The formation parameters (σh, σv, θ, Φ) are usually displayed in real-time to help the user make various decisions related to the drilling and completion of the wellbore being examined. The resistivities (the inverse of conductivities σh, σv) of the rock formations are used to delineate low apparent resistivity laminated “pay” zones, i.e., conductive formation layers interleaved with hydrocarbon bearing, higher resistivity layers. The dip and azimuth (θ, Φ) are used to map the structure of the formation in a scale much finer than that provided by surface reflection seismic data.
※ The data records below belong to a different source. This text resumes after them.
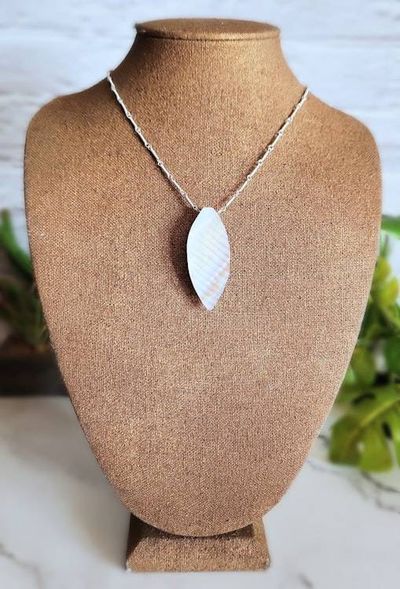 Alternate image for Mother of Pearl Leaf Necklace in Sterling Silver or Copper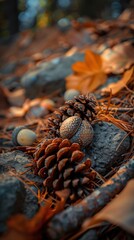 Poster - A close-up of a forest floor covered in fallen leaves, pine needles, and pine cones. Two pine cones are in the center, with a brown acorn in front of them.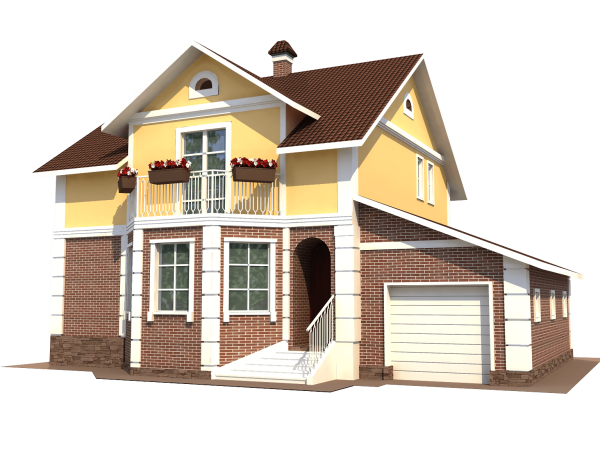 Дом на белом фоне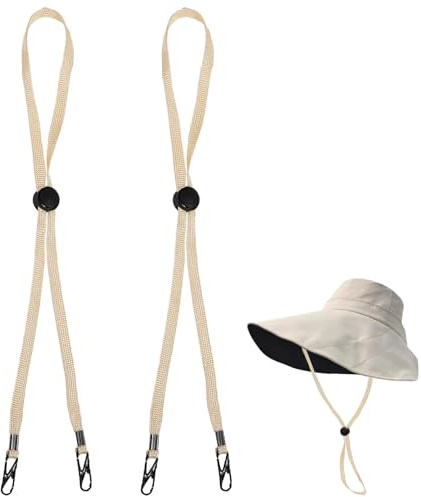 Cyrank Corde coupe-vent 2 pièces pour chapeau, sangle de chapeau réglable flexible amovible coupe-vent chapeau mentonnière sangle anti-perte avec clips chapeau mentonnière(jaune)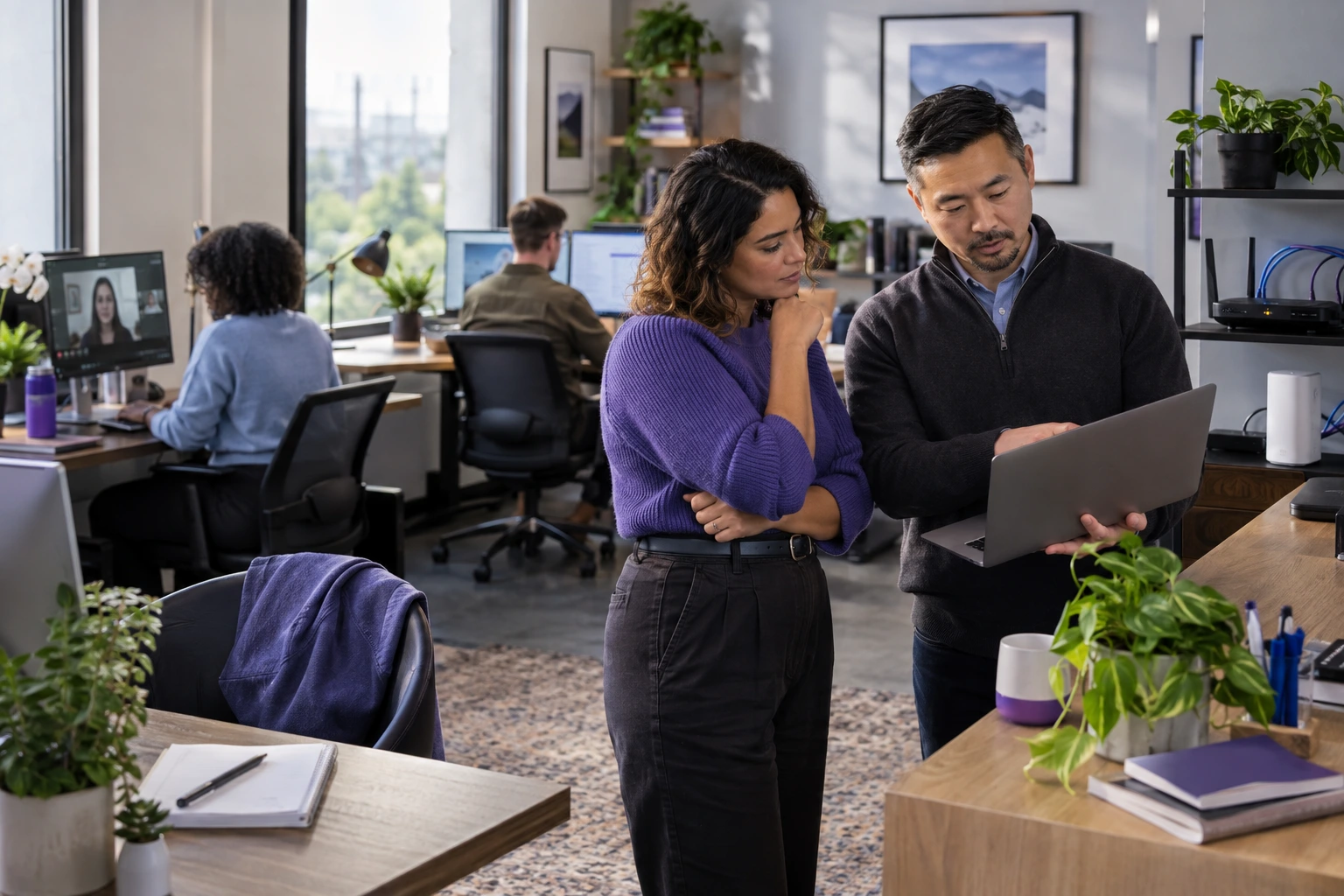 Small-business owner and IT consultant reviewing office connectivity while employees work online nearby.
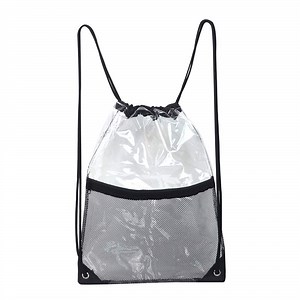 [Hot Item] Clear Drawstring Backpack Shoulder PVC Drawstring Bag with Front Zipper Mesh Pocket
One of the important items of information that would affect the drilling and completion decisions of the well is whether the well has traversed significant fracture zones. Fractures occur frequently in the formation due to tectonic forces occurring over geological time. Fractures could also be induced by the drilling operation. Large, deep (deep in the sense of extending a long lateral distance from the wellbore) fracture systems can sometime be the key factor that allows the production of oil and gas from pay zones that would otherwise be substantially non-productive. Large, deep fracture systems traversed by the borehole could also causes loss of wellbore fluid (drilling mud). Knowing the location of the fracture zones and the fracture plane orientations can significantly improve drilling and completion decisions.
Very thin fractures with large planar extent filled with electrically substantially non-conductive fluid (oil based mud) may block the induced current in the formation and could produce significant anomalies in the inverted formation parameters compared with those from the same formation without such fractures. The size of the anomalies may depend on the formation's vertical and horizontal resistivity (Rh, Rv, defined as the resistivities parallel to and perpendicular to the layering of the formation), the size of the fracture plane, and the relative dip and azimuth between the fracture plane and the layering structure of the formation. If the fracture plane is nearly parallel to the layering structure of the formation, the effects of the fracture on the triaxial induction measurements are small. On the other hand, if the fracture plane is close to or perpendicular to the layering structure of the formation the effect of the fracture may dominate the response of the triaxial instrument measurements. The most common fracture system encountered in typical wellbores is nearly horizontally layered formations with vertically oriented fractures. Therefore, triaxial induction logging tools can be used to detect and characterize most of the large vertical fracture systems encountered by a typical wellbore.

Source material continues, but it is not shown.